By CBSLA Staff

LOS ANGELES (CBSLA/AP) — Actress Lori Loughlin reported Friday to a prison in Northern California to begin serving her two-month sentence for paying thousands of dollars in bribes to get her daughters admitted to USC as athletic recruits.

Lori Loughlin arrives at Moakley Federal Courthouse in Boston, Mass., on Aug. 27, 2019. (Boston Herald/ Getty Images)

Loughlin reported to the Federal Correctional Institution in Dublin, east of San Francisco, according to the U.S. Attorney’s Office. It’s a low-security prison which houses over 870 inmates. It also includes a minimum security satellite camp.

The “Full House” star will not be allowed to receive any visitors during her sentence because of coronavirus protocols.

Loughlin reported a few weeks earlier than expected under a deal she reached with prosecutors that she will not seek an early release due to COVID-19 reasons.

“The parties recently agreed that the defendant can report to prison on Oct. 30, 2020, instead of on Nov. 19, 2020,” prosecutors said in a statement. “The defendant has further agreed that, during her two month sentence, she will not seek an early release from prison on COVID-related grounds.”

Under the Bureau of Prisons’ coronavirus protocols, Loughlin will be screened and tested for COVID-19 and will be placed in quarantine for 14 days.

It had been initially reported last month that Loughlin would serve her sentence at a federal correctional institution in Victorville.
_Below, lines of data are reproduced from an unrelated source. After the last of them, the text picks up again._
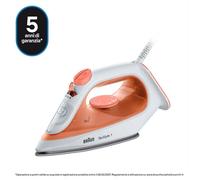 Braun Ferro da Stiro a Vapore Potenza 1900 Watt Funzione Vapore Verticale e Vapore Continuo colore Bianco e Arancione - SI1009OR TexStyle 1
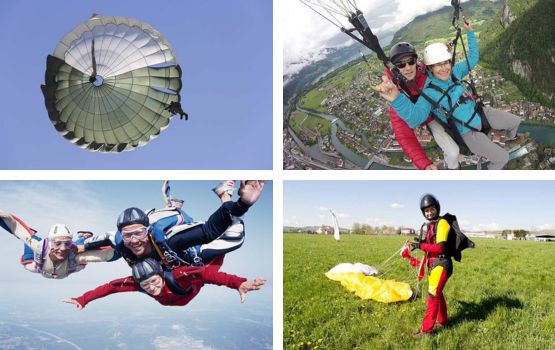 Diverses photographies illustrant la pratique du parachutisme.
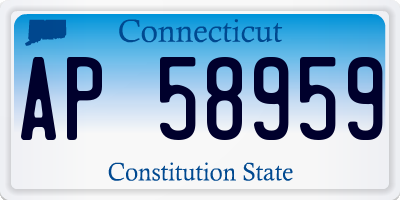 CT license plate AP58959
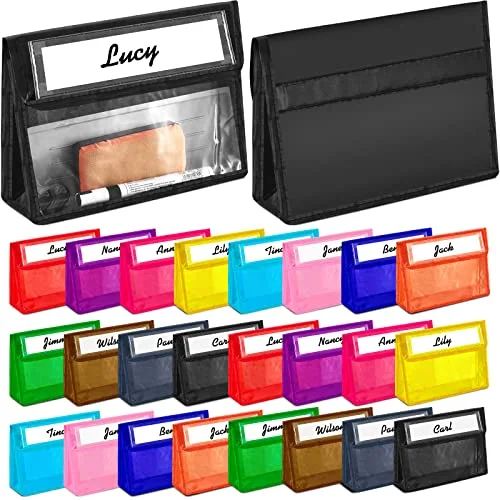 24 Pcs Magnetic Storage Pockets Whiteboard Accessory Case Storage Pouches for Organization Magnet Organizer Pocket File Holder for Office, 12 Colors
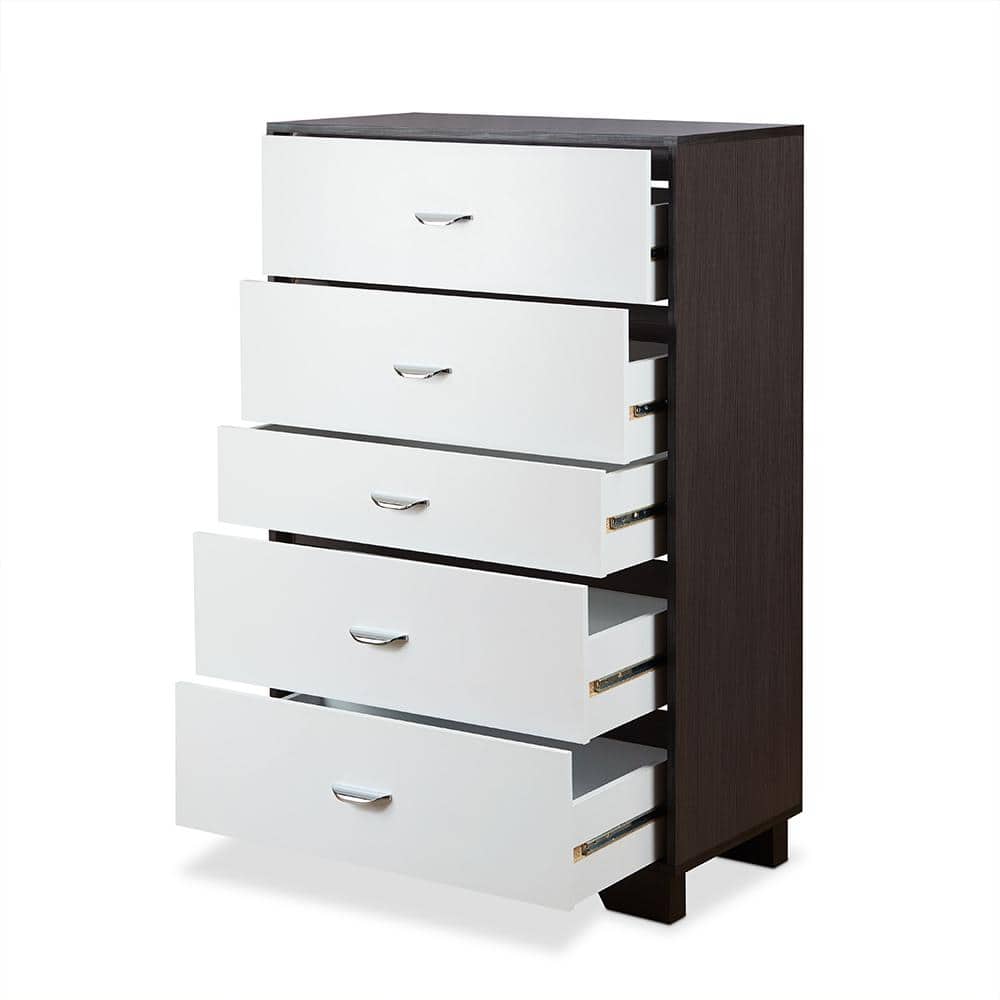 Eloy Industrial Vertical Storage Chest with Soft Close Drawers, White & Espresso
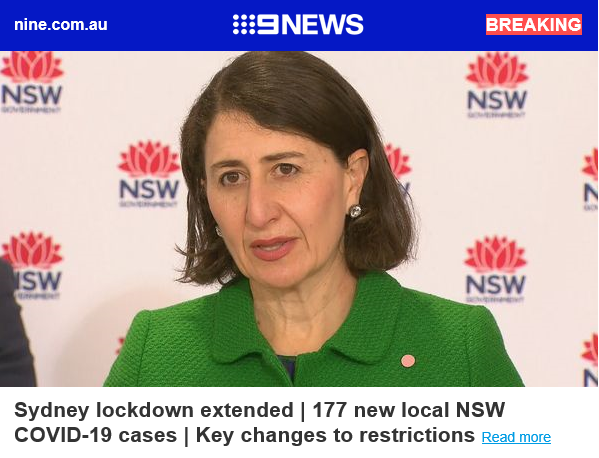 BREAKING: Greater Sydney lockdown extended | 177 new local NSW COVID-19 cases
It’s unclear why the venue was changed.

The 56-year-old Loughlin and her 57-year-old husband, fashion mogul Mossimo Giannulli were both sentenced in August to federal prison time for paying $500,000 in bribes as part of the massive college admissions scandal.
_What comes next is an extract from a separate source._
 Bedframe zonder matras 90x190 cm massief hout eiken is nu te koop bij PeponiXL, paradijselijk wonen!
Giannulli was sentenced to five-months in prison. He did not report to prison with his wife Friday.

Loughlin will also be required to pay a $150,000 fine, receive two years of supervised release and conduct 100 hours of community service.
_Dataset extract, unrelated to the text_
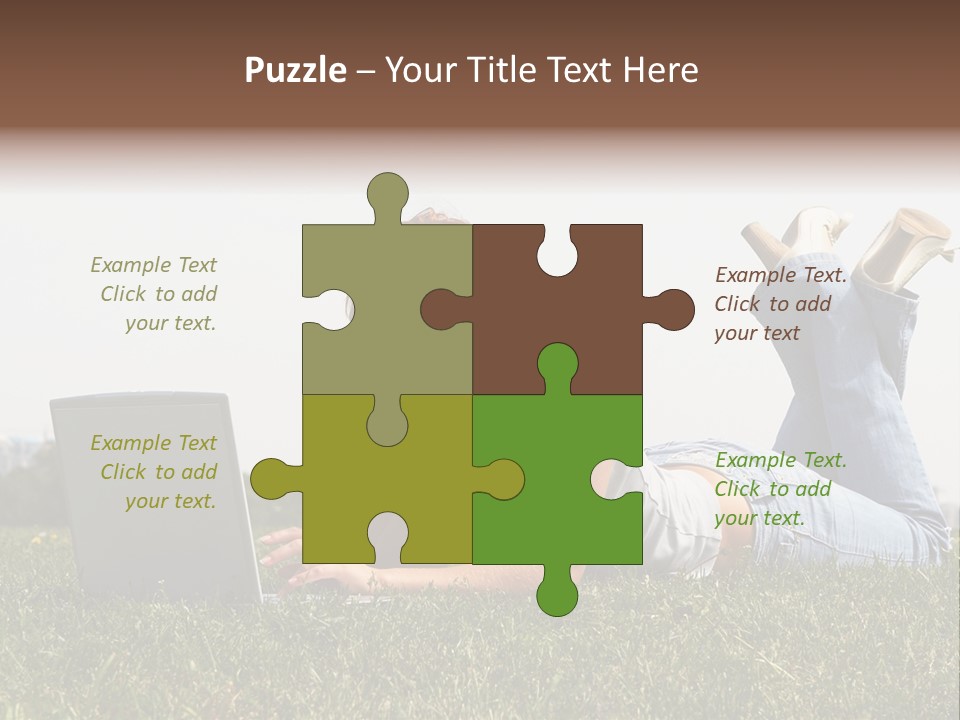 A Woman Laying On The Grass Using A Laptop PowerPoint Template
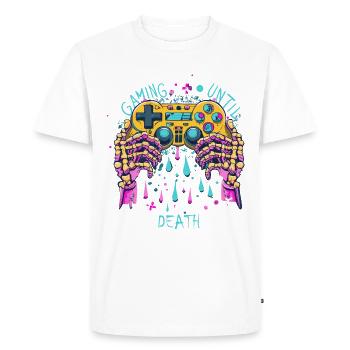 Contrôleur squelette - T-shirt Premium bio Homme - blanc - Devant - Nico (187cm)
In May, Loughlin pled guilty to one count of conspiracy to commit wire and mail fraud, while Giannulli pled guilty to one count of conspiracy to commit wire and mail fraud and honest services wire and mail fraud.

The two had been set to go on trial in October for paying $500,000 in bribes to get their two daughters admitted to USC as members of the rowing team, even though neither had ever rowed crew. Both daughters have since left USC.

Since early 2019, prosecutors had been putting pressure on Loughlin and Giannulli to plead guilty. In February, federal prosecutors released a copy of a phony resume for the couple’s daughter, Olivia Jade, which purports to list her fake achievements in the sport of rowing. In January, prosecutors released a trove of emails and call recording logs between Giannulli, Loughlin and Newport Beach businessman Rick Singer, the mastermind of the college scandal. The emails revealed how USC was trying to court one of the daughters — even as prosecutors said the couple was plotting to get her admitted as a fake rower.

In March of 2019, the FBI charged 50 people — including 35 parents and nine coaches — in a massive bribery scheme dubbed “Operation Varsity Blues” in which wealthy families paid millions to Singer to help their children cheat on standardized tests and bribe test administrators and college coaches to help get their kids into top universities like UCLA, USC, Yale, Stanford and Georgetown.

So far, about 30 parents, including “Desperate Housewives” star Felicity Huffman — who served a 14-day sentence last October — have pleaded or agreed to plead guilty in the scandal.